La première partie de l’expérience accommode peu à peu les participant·es à la pénombre et à la théâtralité du lieu. Dans une grande pièce drapée de noir, coiffé·es d’un casque recouvrant leur vue, déambulent seize actant·es – on n’ose les appeler autrement, tant ils et elles semblent à la fois moins que les personnages d’un drame, et pourtant plus que de simples figurant·es. L’expérience sonore, quant à elle, est partagée par tous les participant·es : les bourdons tantôt cosmiques, tantôt aquatiques composés par Sakamoto concourent à lier ces deux humanités connexes dans une osmose primitive. Au milieu de la pièce, un écran suspendu dans les airs délimite l’espace comme le filet d’un terrain de tennis ; sur chacune de ses faces sont projetés des plans de dormeur·euses, des discussions au coin du feu, quelques images des manifestations prodémocratie à Bangkok, autant de fragments de mémoires assemblés au fil du temps par le cinéaste.
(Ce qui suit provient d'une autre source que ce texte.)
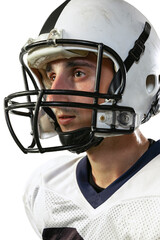 Close-up portrait of young man, american football player in helmet posing isolated over white studio background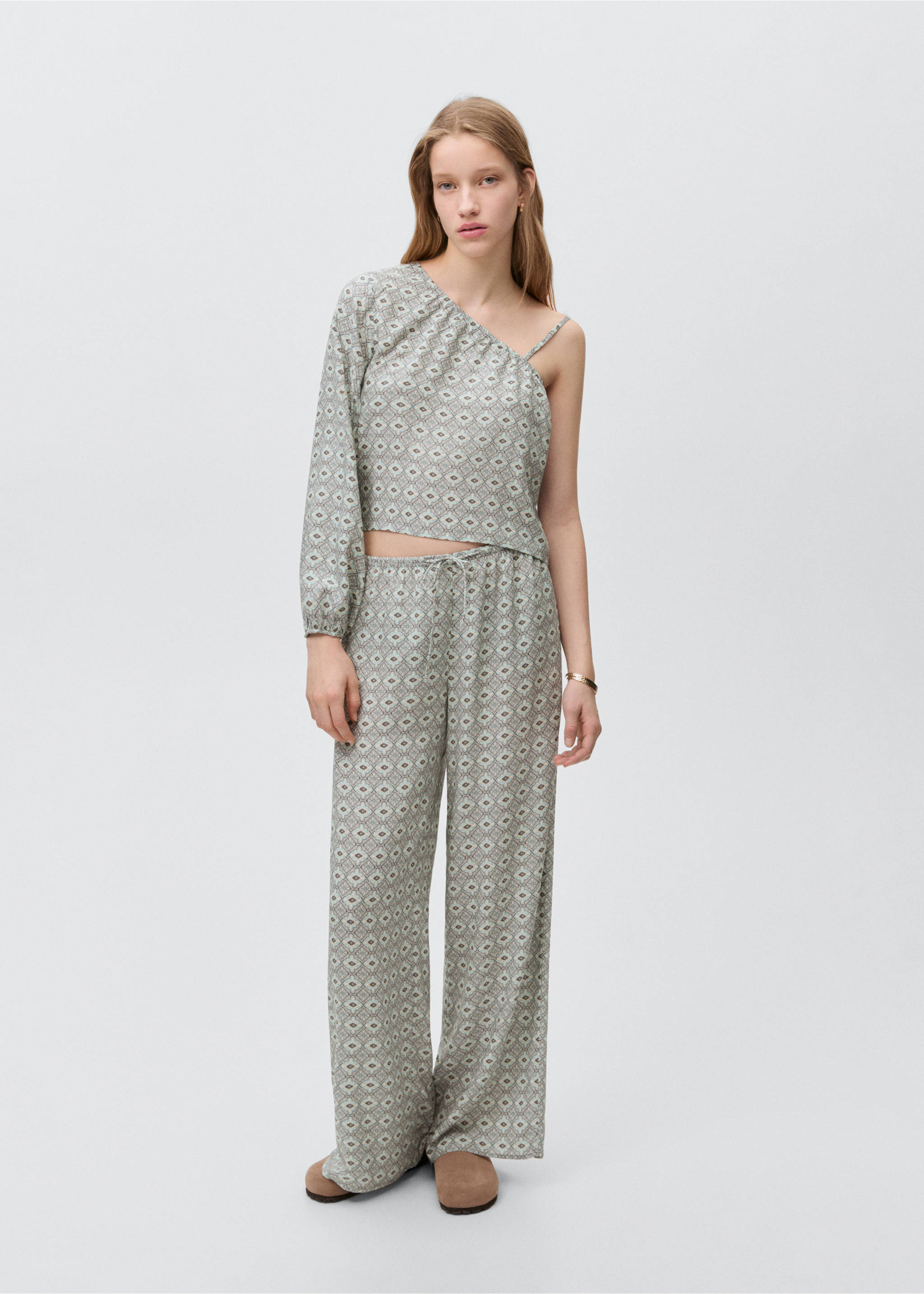 Fließende, bedruckte Hose - Allgemeine Ansicht, Hellgrau/Pastellgrau. Ref: 87054789-00.
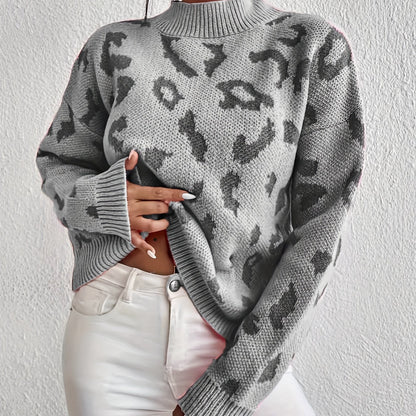 Sixsr Leopard Pattern Mock Neck Sweater, Casual Long Sleeve Sweater For Fall & Winter, Women's Clothing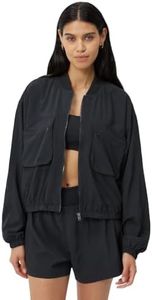 Amazon Essentials Women's Active Peformance Stretch Woven Relaxed Fit Workout Windbreaker Jacket, Black, Medium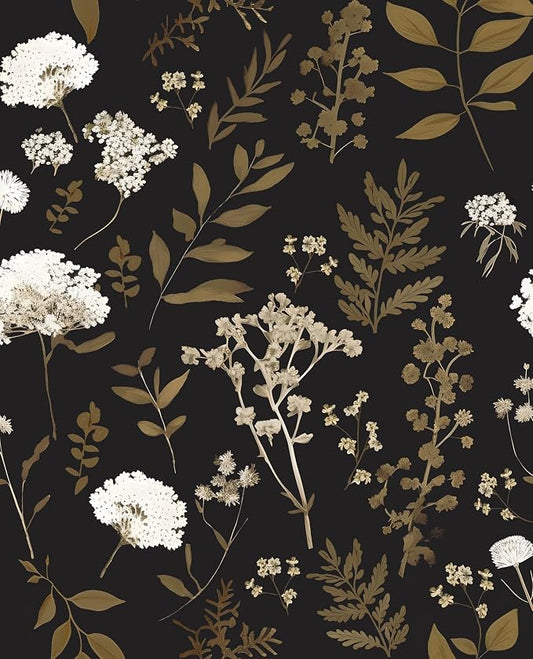 Laatse Dark Floral Wallpaper Peel and Stick Boho Wallpaper 17.5in x 118in by Laatse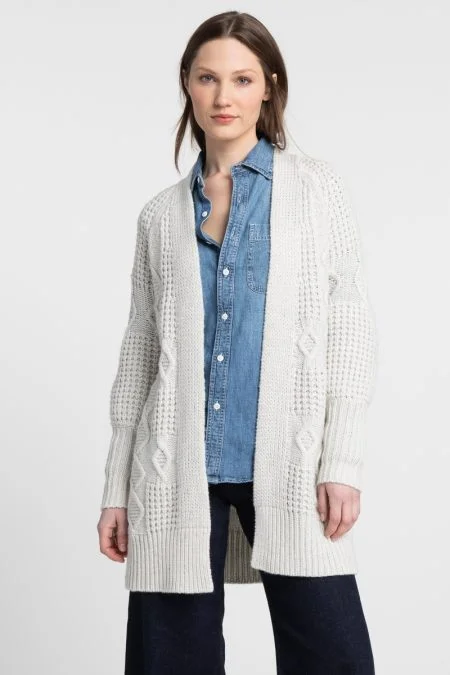 Kinross Cashmere Lurex Cable Cardigan Nylon Fabric Polyester Fabric Spandex Fabric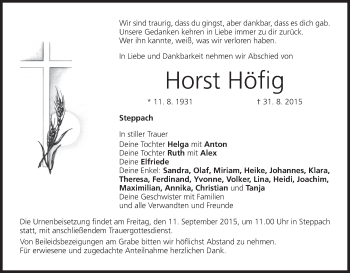 Anzeige von Horst Höfig von MGO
Profuses et énigmatiques, les deux projections simultanées se synchronisent toutefois brièvement pour citer la pièce-maîtresse de la trilogie Blue (2018), On Blue (2022) et Blue Encore (2023), un écran peint rehaussé de néons, presque une scène de théâtre dont la toile de fond, figurant une route en bord de mer au coucher du soleil, serait en plein démontage[22] [22] Ces peintures ont été réalisées par deux jeunes artistes, Noppanan Thannaree et Amnart Kankunthod, et ont, chacune avec son langage propre, la couleur bleue pour protagoniste. Voir Marcella Lista, « Voir / est ne pas voir », Homes, op. cit., p. 454. . Par contamination, le montage des plans emprunte à la grammaire théâtrale son principe, en les faisant se succéder l’un à l’autre par un lent balayage vertical, comme un lourd décor descendant peu à peu sur la scène, ou comme une immense paupière venant recouvrir chaque dormeur·euse d’une nouvelle dimension d’image. Dès cette première partie, la théâtralité de l’installation, recherchée par le cinéaste-plasticien, s’exprime par la conscience extrêmement intime d’une expérience scénique. C’est presque naturellement que les déambulations des actant·es dans la pièce retrouvent les propriétés esthétiques du jeu sur plateau, du grincement du parquet sur lequel se déroule la performance jusqu’à l’attention soutenue à l’utilisation de l’espace, restreint par la présence d’une trentaine de participant·es dont la moitié ne peut avoir conscience de la présence de ses semblables.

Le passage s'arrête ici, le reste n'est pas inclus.